Computing the logistic cost function

Training neural networks via backpropagation

-- Developing your intuition for backpropagation

-- Debugging neural networks with gradient checking

def _gradient_checking(self, X, y_enc, w1,
                       w2, epsilon, grad1, grad2):
    """ Apply gradient checking (for debugging only)

    Returns
    ---------
    relative_error : float
      Relative error between the numerically
      approximated gradients and the backpropagated gradients.

    """
    num_grad1 = np.zeros(np.shape(w1))
    epsilon_ary1 = np.zeros(np.shape(w1))
    for i in range(w1.shape[0]):
        for j in range(w1.shape[1]):
            epsilon_ary1[i, j] = epsilon
            a1, z2, a2, z3, a3 = self._feedforward(
                                           X,
                                           w1 - epsilon_ary1,
                                           w2)
            cost1 = self._get_cost(y_enc,
                                   a3,
                                   w1-epsilon_ary1,
                                   w2)
            a1, z2, a2, z3, a3 = self._feedforward(
                                         X,
                                         w1 + epsilon_ary1,
                                         w2)
            cost2 = self._get_cost(y_enc,
                                   a3,
                                   w1 + epsilon_ary1,
                                   w2)
            num_grad1[i, j] = (cost2 - cost1) / (2 * epsilon)
            epsilon_ary1[i, j] = 0

    num_grad2 = np.zeros(np.shape(w2))
    epsilon_ary2 = np.zeros(np.shape(w2))
    for i in range(w2.shape[0]):
        for j in range(w2.shape[1]):
            epsilon_ary2[i, j] = epsilon
            a1, z2, a2, z3, a3 = self._feedforward(
                                            X,
                                            w1,
                                            w2 - epsilon_ary2)
            cost1 = self._get_cost(y_enc,
                                   a3,
                                   w1,
                                   w2 - epsilon_ary2)
            a1, z2, a2, z3, a3 = self._feedforward(
                                          X,
                                          w1,
                                          w2 + epsilon_ary2)
            cost2 = self._get_cost(y_enc,
                                   a3,
                                   w1,
                                   w2 + epsilon_ary2)

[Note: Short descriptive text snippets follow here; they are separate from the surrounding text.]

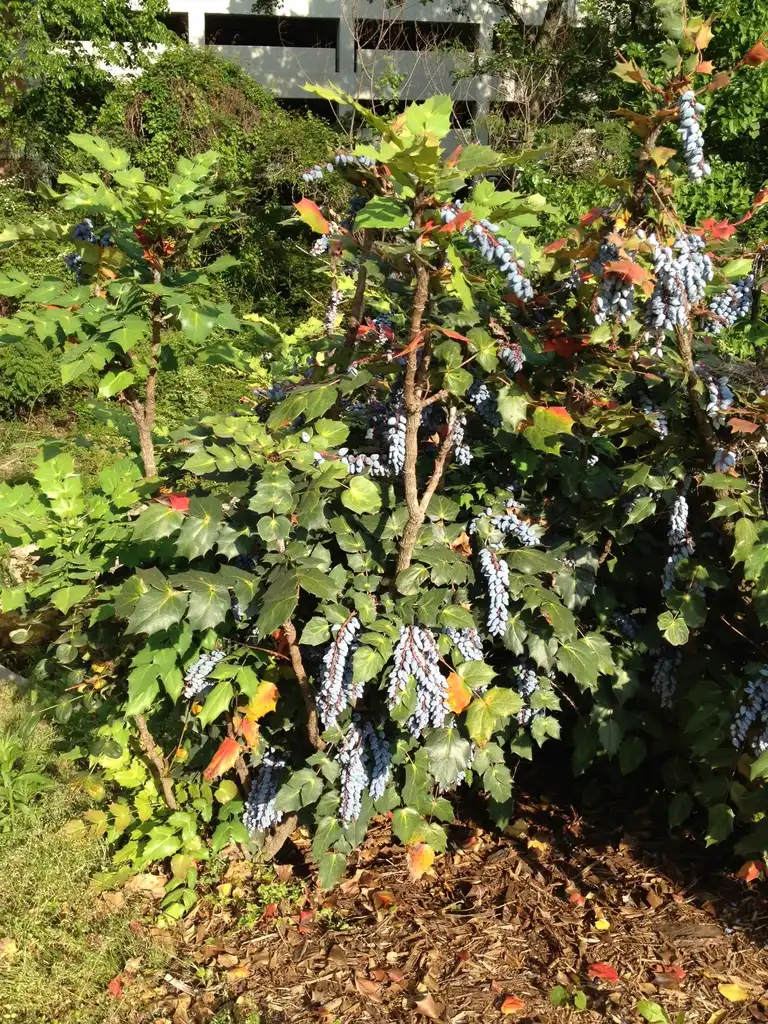 Photo of Berberis bealei - Fruit Form:Jim Robbins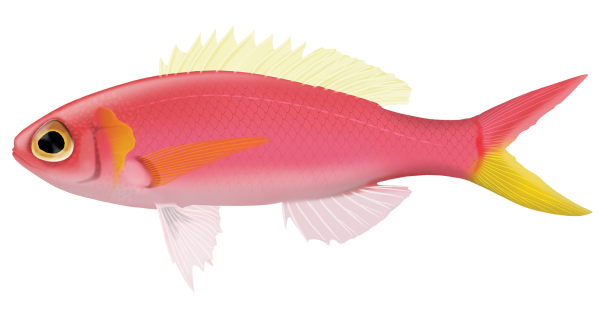 Typical Slopefish - Marinewise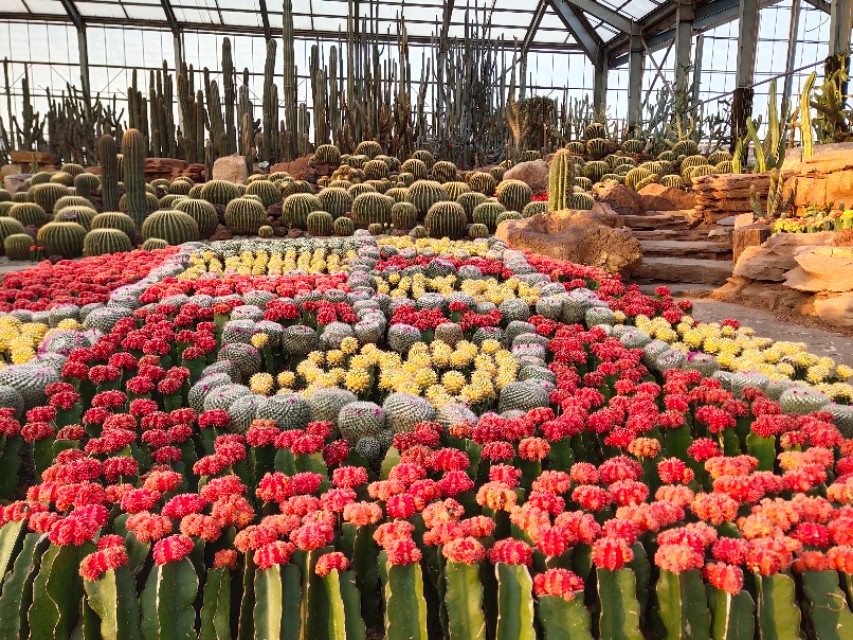 南通洲际绿博园春节免费吗,南通洲际绿博园有哪些免费项目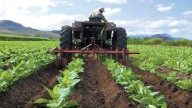 Maduro: Producción agrícola tiene un crecimiento estable anual del 4,5 al 5 %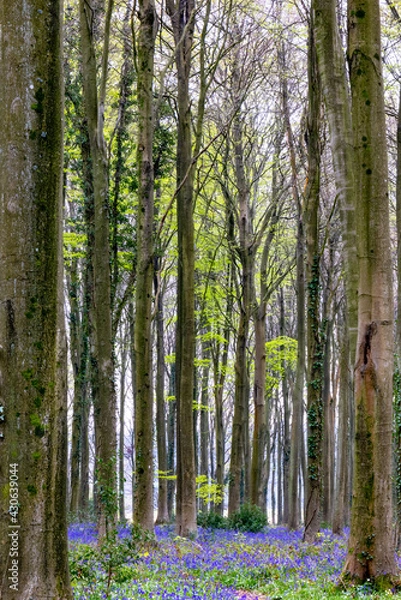 Fototapeta View of the Bluebells emerging in Wepham Wood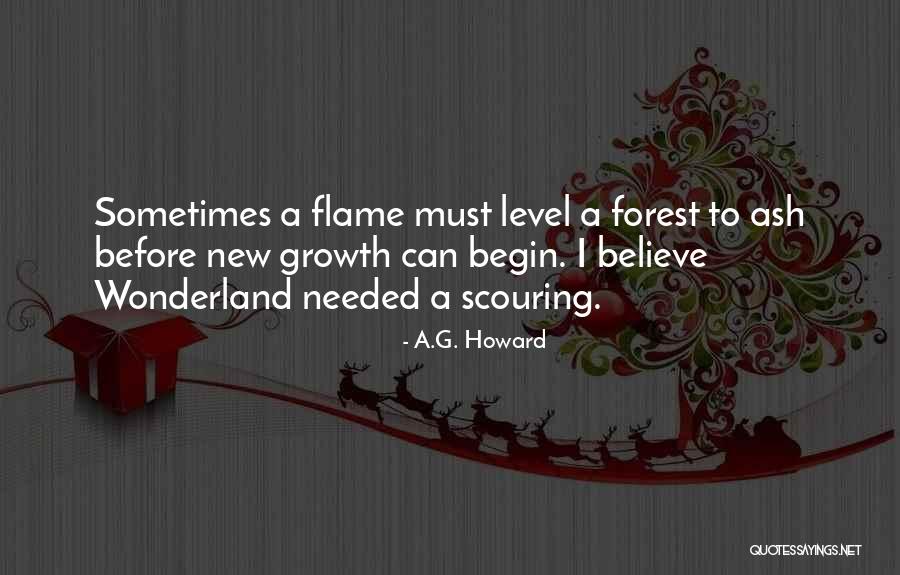 Scouring Quotes By A.G. Howard
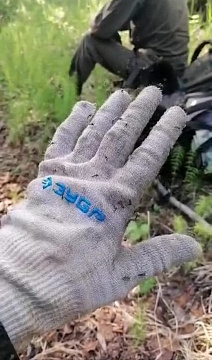 © Илья Аргеев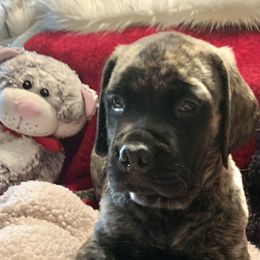 Mastiff Puppies from Eagle Pond Mastiffs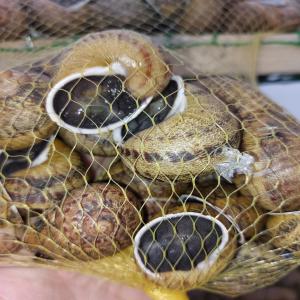 Escargots Aspersa - animaux vivants vente escargots pg et gg de bonne qualité bien bordés,  prix dégressifs,  livraison disponible en france métropolitaine,  pour plus informations me contacter. 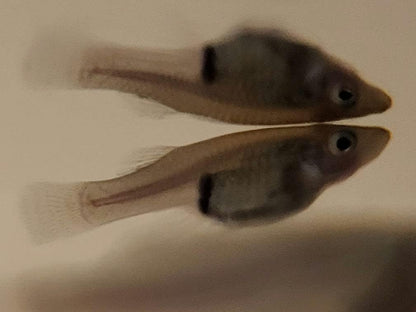 30 Live Mosquito Fish, Pond Fish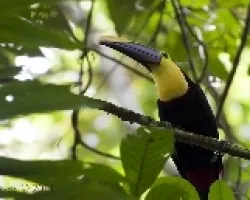 Ramphastos swainsonii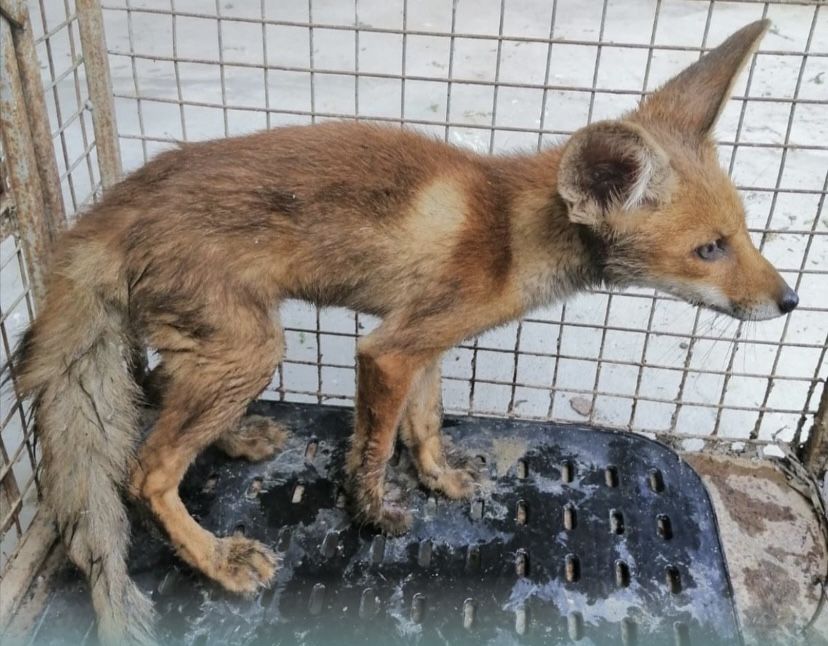 “هيئة البيئة ” تتعامل مع بلاغ وجود حيوان الثعلب الأحمر بصحم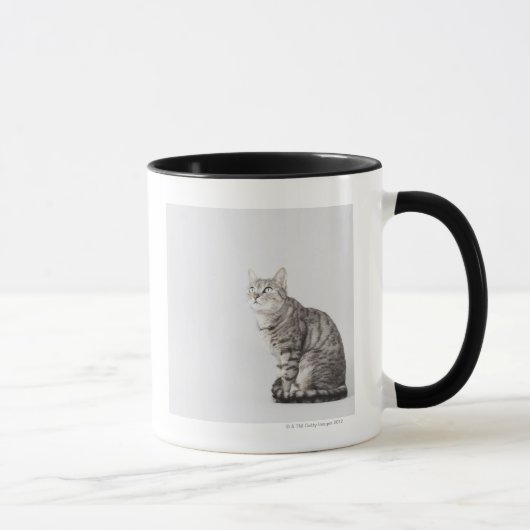 調べている猫 マグカップ (右)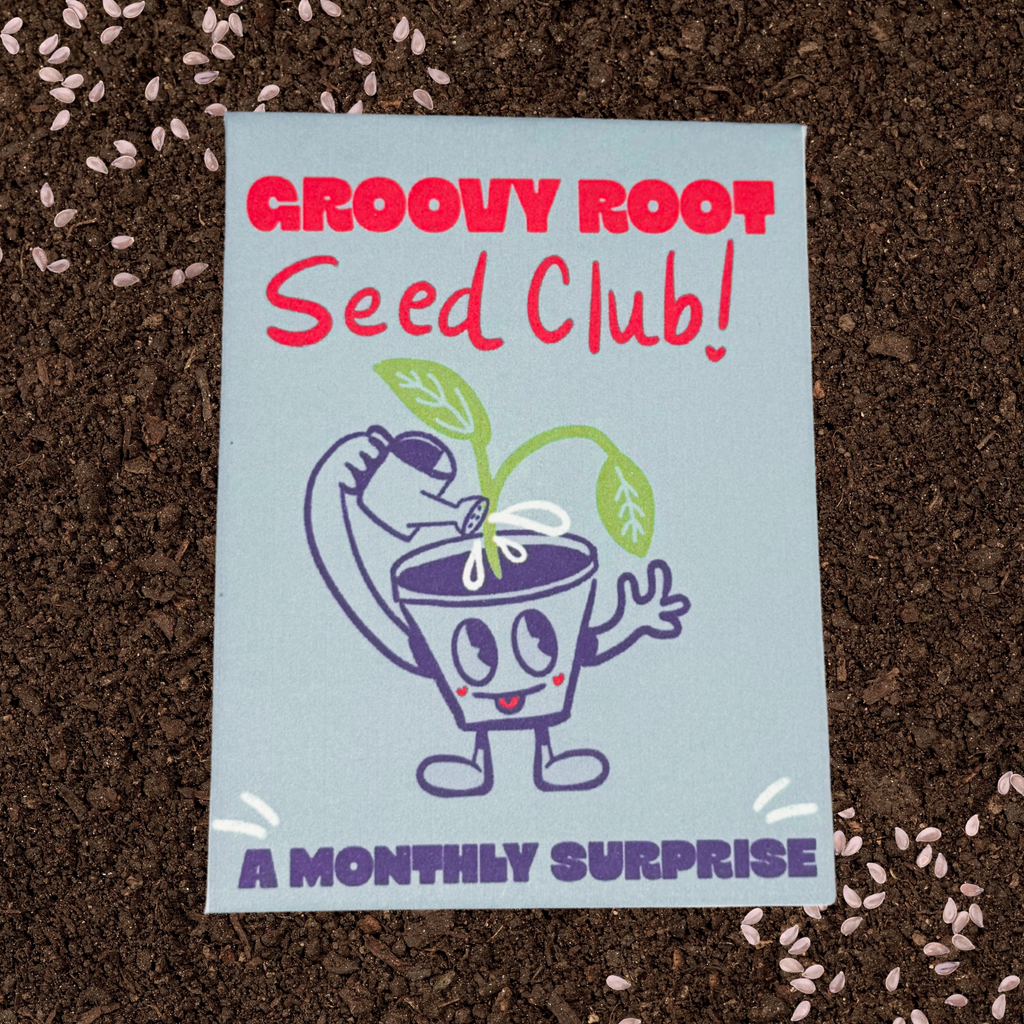 Monthly Seed Club!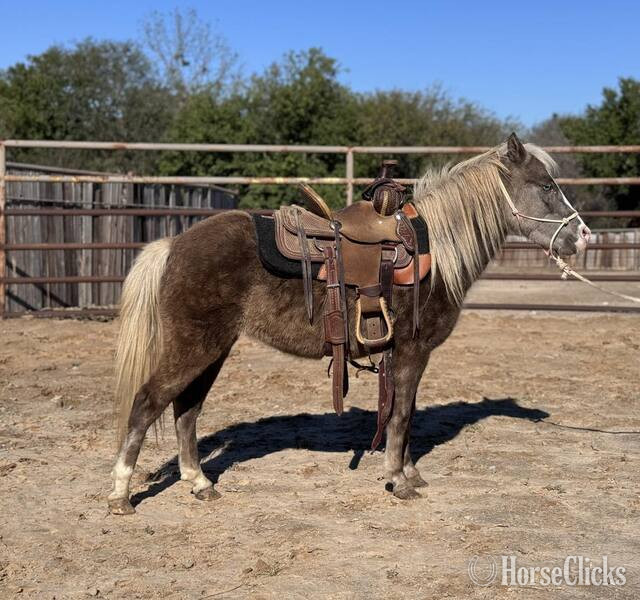 "Malibu" Chocolate Mare Pony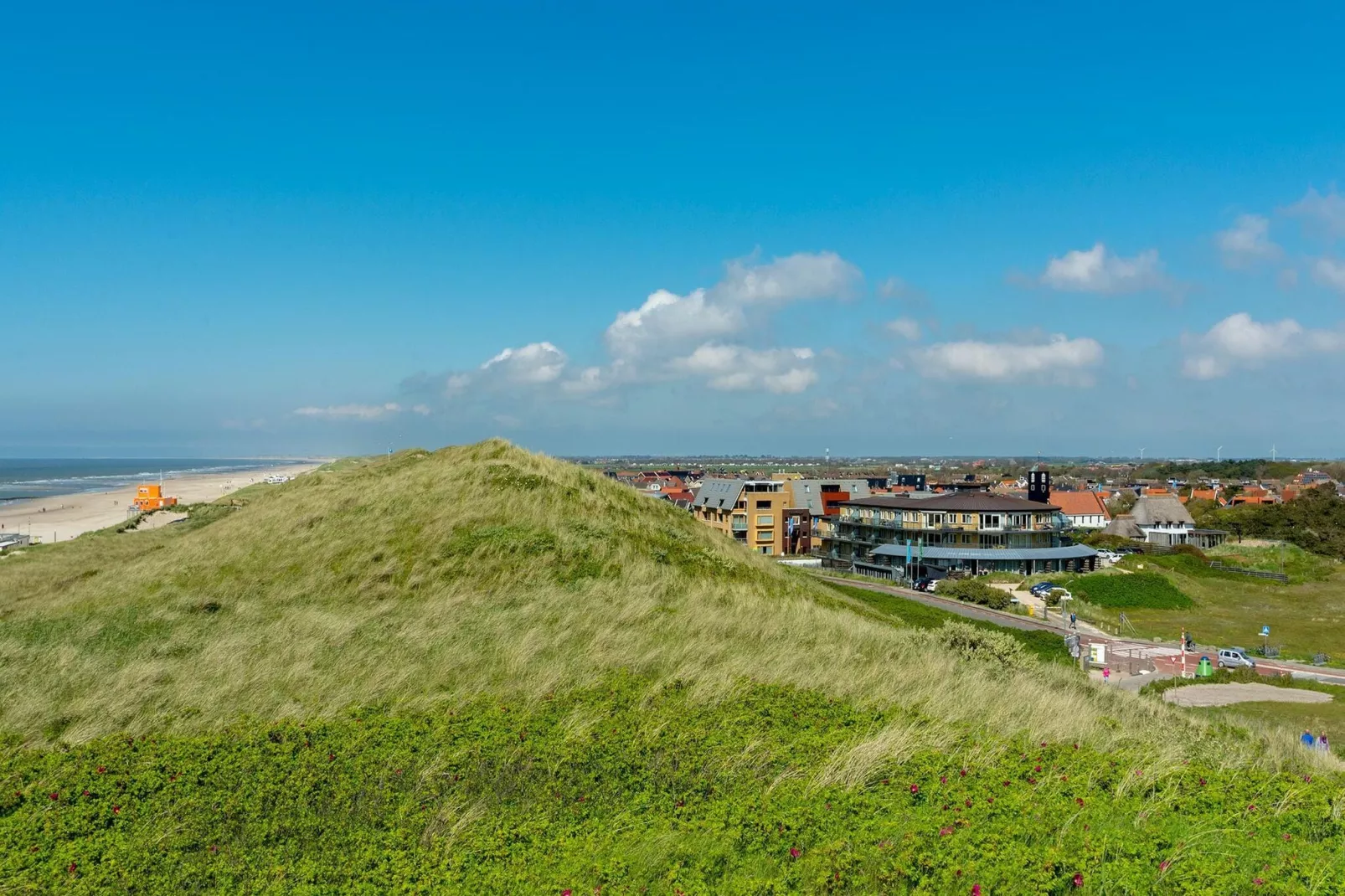 Strandslag 107-Gebieden zomer 1km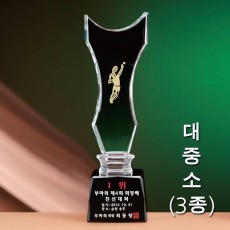 새총 크리스탈 트로피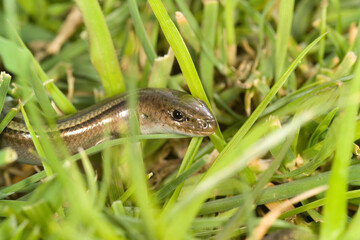 fienarola o luscengola. Chalcides chalcides. Abbasanta. Oristano. Sardegna. Italia.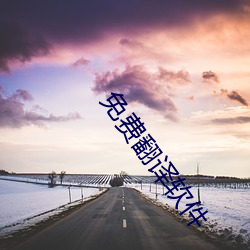 免费翻译软件 （習非成俗）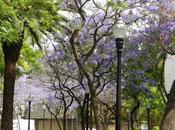 Floración jacarandas Barcelona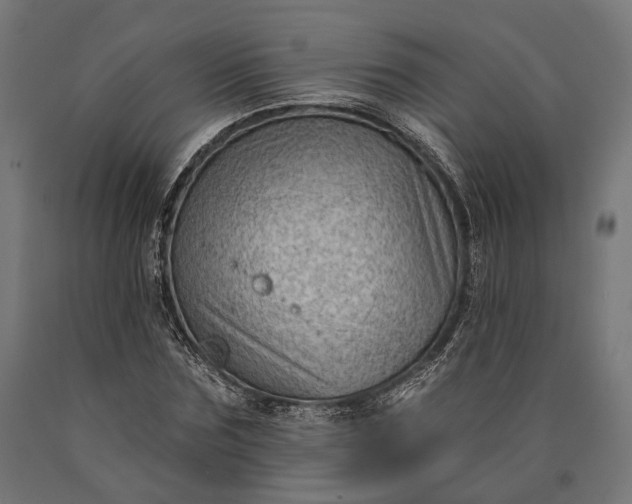 X0000090730875200708031521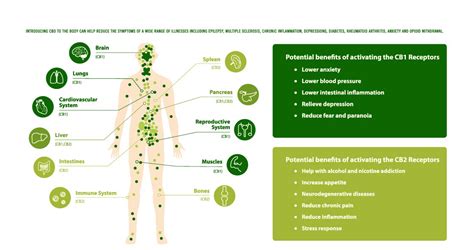 An Introduction to the Endocannabinoid System - Sycamore BioPharma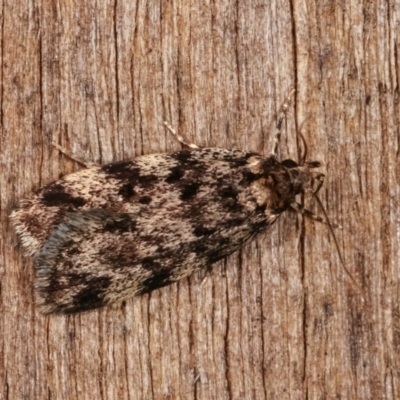 Barea codrella (A concealer moth) at Melba, ACT - 14 Nov 2020 by kasiaaus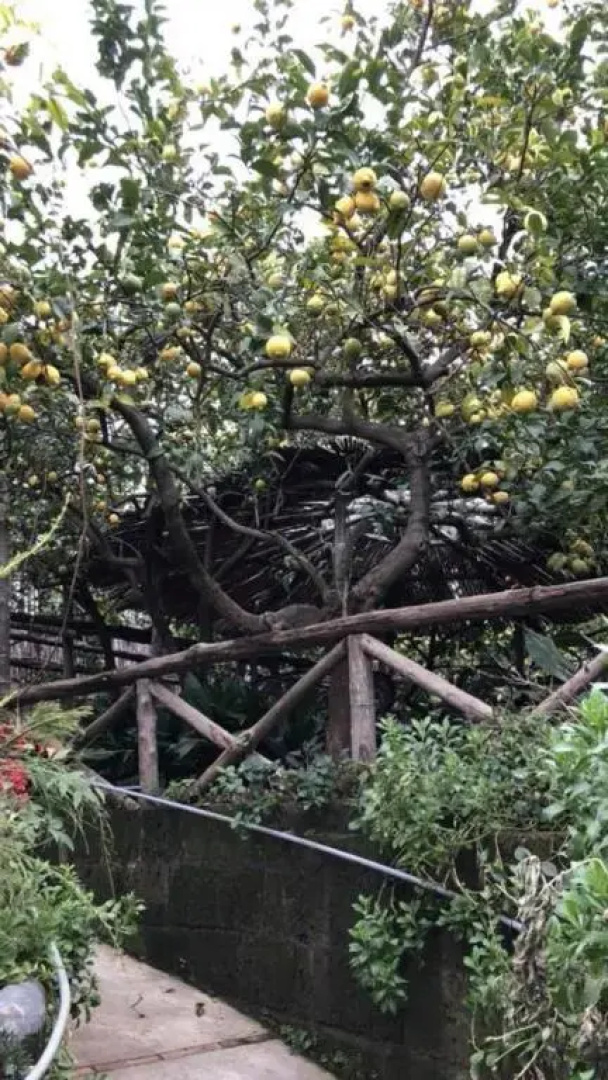 Rosy Monolocale nel Centro Storico di Torre Annunziata di Fronte Scavi Oplonti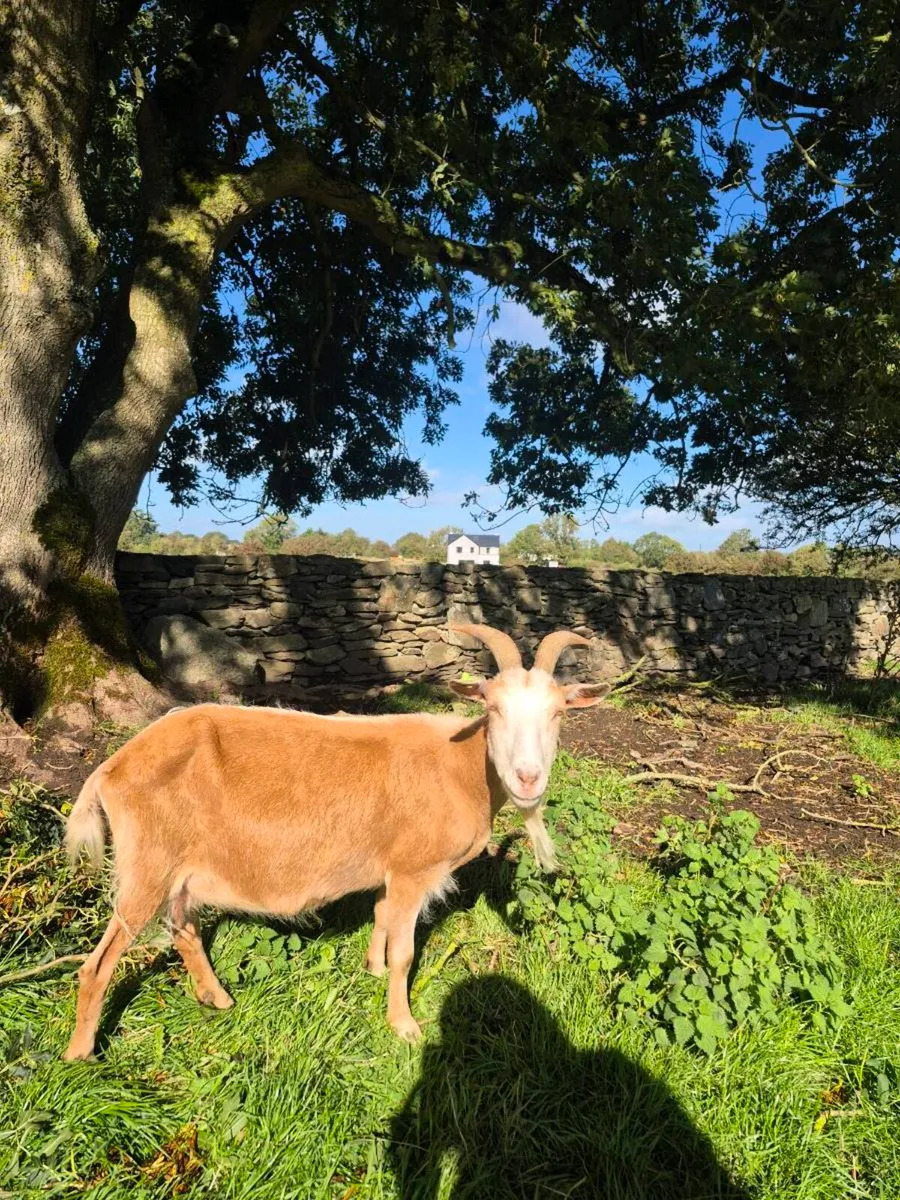 Dairy goats - Image 2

            num_grad2[i, j] = (cost2 - cost1) / (2 * epsilon)
            epsilon_ary2[i, j] = 0

    num_grad = np.hstack((num_grad1.flatten(),
                          num_grad2.flatten()))
    grad = np.hstack((grad1.flatten(), grad2.flatten()))
    norm1 = np.linalg.norm(num_grad - grad)
    norm2 = np.linalg.norm(num_grad)
    norm3 = np.linalg.norm(grad)
    relative_error = norm1 / (norm2 + norm3)
    return relative_error

class MLPGradientCheck(object):
    [...]
    def fit(self, X, y, print_progress=False):
        [...]
                # compute gradient via backpropagation
                grad1, grad2 = self._get_gradient(
                                       a1=a1,
                                       a2=a2,
                                       a3=a3,
                                       z2=z2,
                                       y_enc=y_enc[:, idx],
                                       w1=self.w1,
                                       w2=self.w2)
               
                ## start gradient checking

                grad_diff = self._gradient_checking(
                                     X=X[idx],
                                     y_enc=y_enc[:, idx],
                                     w1=self.w1,
                                     w2=self.w2,
                                     epsilon=1e-5,
                                     grad1=grad1,
                                     grad2=grad2)
                if grad_diff <= 1e-7:
                    print('Ok: %s' % grad_diff)
                elif grad_diff <= 1e-4:
                    print('Warning: %s' % grad_diff)
                else:
                    print('PROBLEM: %s' % grad_diff)
             
                ## end gradient checking
               
                # update weights; [alpha * delta_w_prev]
                # for momentum learning
                delta_w1 = self.eta * grad1
                delta_w2 = self.eta * grad2
                self.w1 -= (delta_w1 +\
                           (self.alpha * delta_w1_prev))
                self.w2 -= (delta_w2 +\
                           (self.alpha * delta_w2_prev))
                delta_w1_prev = delta_w1
                delta_w2_prev = delta_w2

        return self

nn_check = MLPGradientCheck(n_output=10,
                                n_features=X_train.shape[1],
                                n_hidden=10,
                                l2=0.0,
                                l1=0.0,
                                epochs=10,
                                eta=0.001,
                                alpha=0.0,
                                decrease_const=0.0,
                                minibatches=1,
                                random_state=1)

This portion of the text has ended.